(INFORMATION SUPPLIED)
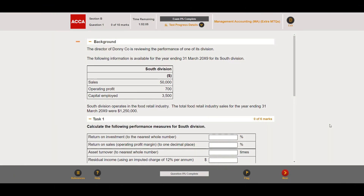Hello everyone. Today we'll be doing another past paper question for the ACCA Management Accounting exam. The question we're going to do is from section B of the extra multiple choice questions available on the ACCA website — more specifically, a Management Accounting extra MTQ. If you Google 'Management Accounting extra MTQ for ACCA F2' you'll get these questions, which are separate from the specimen paper from June 2014.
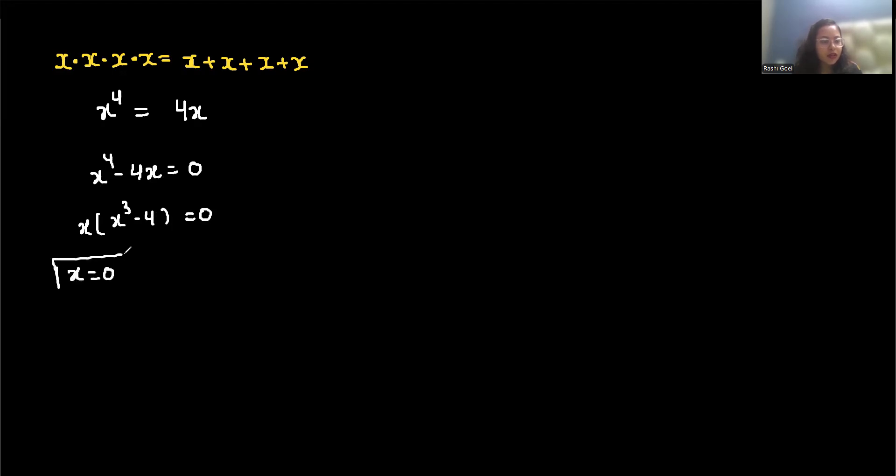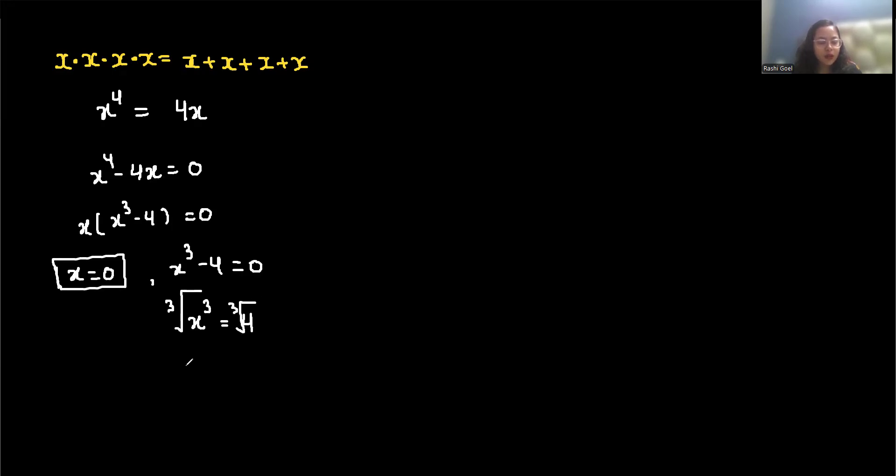First is when x equals 0, and second x^3 minus 4 equals 0, so x^3 equals 4. Now if I take the cube root on both sides, it becomes x equals 4 to the power of 1/3, which is approximately 1.5874.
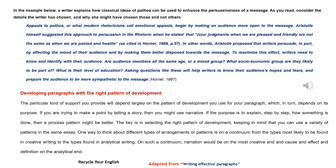Developing paragraphs with the right pattern of development: the particular kind of support you provide will depend largely on the pattern of development you use for your paragraph, which, in turn, depends on its purpose. If you are trying to make a point by telling a story, then you might use narrative.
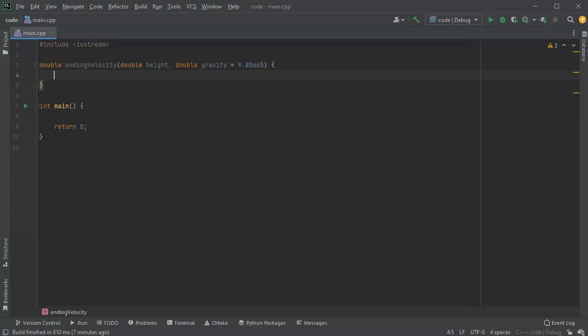All right, so if an object is falling from some height at 9.8 meters per second, then when it finally hits the ground it'll have some velocity, and we're going to calculate out that ending velocity.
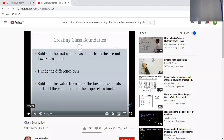Assalamu alaikum students. Today I am going to tell you about the class boundary — how you can create a class boundary if grouped data is given and the class interval is given.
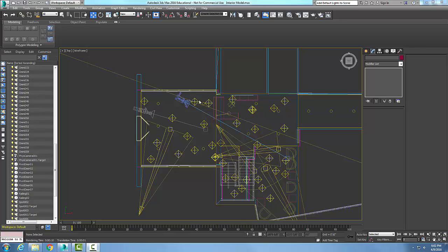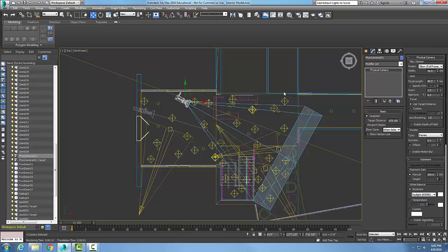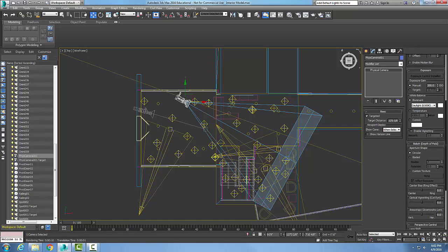Creating a physical camera, the lens distortion rollout. Let's click on our physical camera and choose our modify tab of our command panel and scroll down in our rollouts.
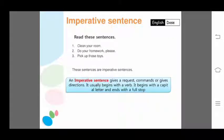The third kind of sentence is the imperative sentence. Read these sentences: 'Clean your room.' 'Do your homework.' 'Please pick up those toys.' These sentences are imperative sentences and they begin with a verb.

(EXERCISE GOAL) Of the records above, print only the lines from the one containing "First is when" through the one containing "Creating a physical", inclusive and unaltered, leaving out pictures.

(TASK RESPONSE)
First is when x equals 0, and second x^3 minus 4 equals 0, so x^3 equals 4. Now if I take the cube root on both sides, it becomes x equals 4 to the power of 1/3, which is approximately 1.5874.
Developing paragraphs with the right pattern of development: the particular kind of support you provide will depend largely on the pattern of development you use for your paragraph, which, in turn, depends on its purpose. If you are trying to make a point by telling a story, then you might use narrative.
All right, so if an object is falling from some height at 9.8 meters per second, then when it finally hits the ground it'll have some velocity, and we're going to calculate out that ending velocity.
Assalamu alaikum students. Today I am going to tell you about the class boundary — how you can create a class boundary if grouped data is given and the class interval is given.
Creating a physical camera, the lens distortion rollout. Let's click on our physical camera and choose our modify tab of our command panel and scroll down in our rollouts.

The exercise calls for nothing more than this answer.